Relational Database Interview Questions
List of frequently asked relational database interview questions. Keep following this post for regular updates.
What are ACID properties in a database?
ACID is an acronym for Atomicity, Consistency, Isolation, and Durability, which refers to the four properties of a transaction in Database. These properties ensures the accuracy and integrity of the data in database.
A transaction is a sequence of instructions that are executed as a single unit of work.
-
Atomicity - A transaction is an atomic unit; hence, all the instructions within a transaction will successfully execute, or none of them. If any of the instructions fail, the entire transaction should abort and rollback.
For example, transferring money between bank accounts is a transaction, where the value must be debited from one account and credit in another account. If any of them failed, then other must be rolled back. -
Consistency - A database is initially in a consistent state, and it should remain consistent after every transaction, whether transaction execute successfully or fails.
For example, a transaction must fail, while trying to insert duplicate in a table column having unique constraint. -
Isolation - If the multiple transactions are running concurrently, they should not be affected by each other; i.e., the result should be the same as the result obtained if the transactions were running sequentially.

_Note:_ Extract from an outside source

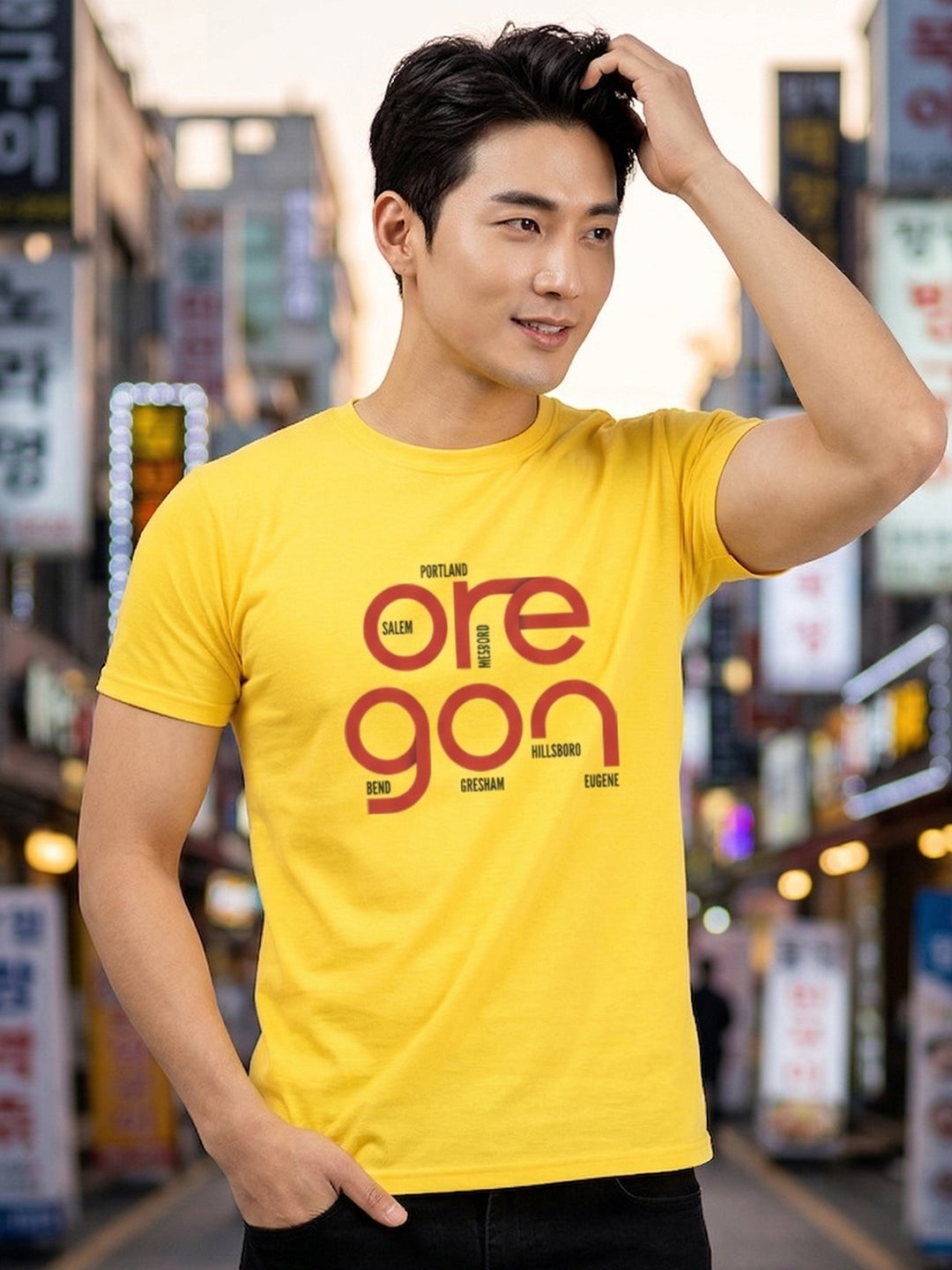 Greylongg Round Neck Oregon Design  printed T-shirts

For example, if two clients are trying to buy at the same time the last available product on the web site, when the first user finishes the shopping, it will make the transaction of the other user be interrupted. -
Durability - Changes that have been persisted to the database should remain even in the case of software and hardware failure.
What is SQL?
SQL (Structured Query Language) is a language used for storing, reading, updating, and deleting data using simple code snippets, called queries, in an RDBMS (relational database management system).
Given below is an example. You first create a table, insert some data in it and then view all the data in that table.

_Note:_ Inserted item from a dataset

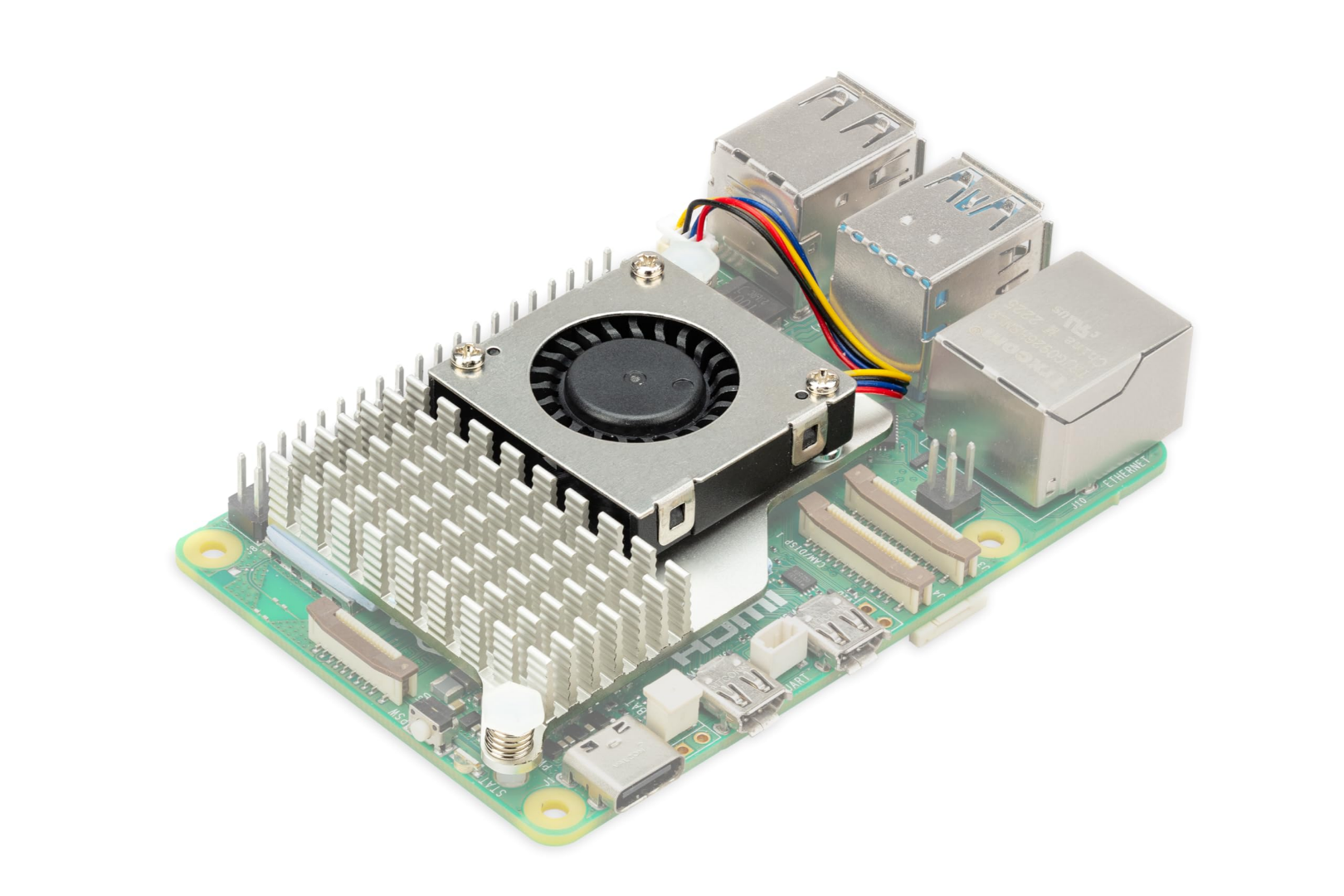 Raspberry Pi with active cooler.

-- Creating a table in database
-- CREATE TABLE <Table name>
CREATE TABLE Employee (
-- <Variable name> <Variable type>
ID int,
Name varchar(255),
Gender varchar(10),
Age int
);
-- Inserting
INSERT INTO
-- <Table name>
Employee
-- <Variable names>
(ID, Name, Gender, Age)
VALUES
-- <Variable values>
(1, 'Adam', 'Male', 22),
(2, 'Eva', 'Female', 28),
(3, 'Joy', 'Male', 10);
-- Selecting everything we stored in the table to view
SELECT *
FROM Employee;
What are different type of SQL statements?
- Data Definition Language (DDL) commands are used to define the structure that holds the data. These commands are auto-committed i.e. changes done by the DDL commands on the database are saved permanently and cannot be rolled back
e.g. CREATE, ALTER, TRUNCATE, DROP, RENAME, COMMENT - Data Manipulation Language (DML) commands are used to manipulate the data of the database. These commands are not auto-committed and can be rolled back
e.g. SELECT, INSERT, UPDATE, DELETE, MERGE - Data Control Language (DCL) commands are used to deal with the rights, permission, and other controls of the database
e.g. GRANT, REVOKE - Transaction Control Language (TCL) commands are used to deal with transactions within the database
e.g. COMMIT, ROLLBACK, SAVEPOINT
What are different types of clauses in SQL?
SQL clauses are used to qualify a database query by restricting or altering the values that it returns. The types of SQL clauses are:
-
FROM: Used to specify which tables the data will be pulled from. For example, get all records from Employee table:-
SELECT * FROM Employee;
-
WHERE: Used to filter the records by one or more conditions. For example, get all Female employee’s record over the age 18:-
SELECT * FROM Employee WHERE Gender = 'Female' and Age > 18;
-
ORDER BY: Used to sort the records returned by query. For example, get all the employee’s records sorted by Name in ascending order:-
SELECT * FROM Employee ORDER BY Name;
-
GROUP BY: Used to group the records together that have similar values. For example, get average salary of employees by department:-
SELECT DepartmentId, AVG(Salary) FROM Employee GROUP BY DepartmentID;
-
HAVING: Used in combination with the
GROUP BY
clause. Used to filter the records from each group after groupings are made.SELECT DepartmentId, AVG(Salary) FROM Employee GROUP BY DepartmentID HAVING AVG(Salary) > 3000;
-
DISTINCT: Used to get distinct records from a table, duplicate records are removed. For example, you may wish to list the different gender in Employee’s table:-
SELECT DISTINCT(Gender) FROM Employee;
What is the difference between the WHERE and HAVING clause?
When GROUP BY
is not used, the WHERE
and HAVING
clauses are essentially equivalent.
However, when GROUP BY
is used:
- The
WHERE
clause is used to filter records from all rows before groupings are made. - The
HAVING
clause is used to filter records from each group of rows after groupings are made.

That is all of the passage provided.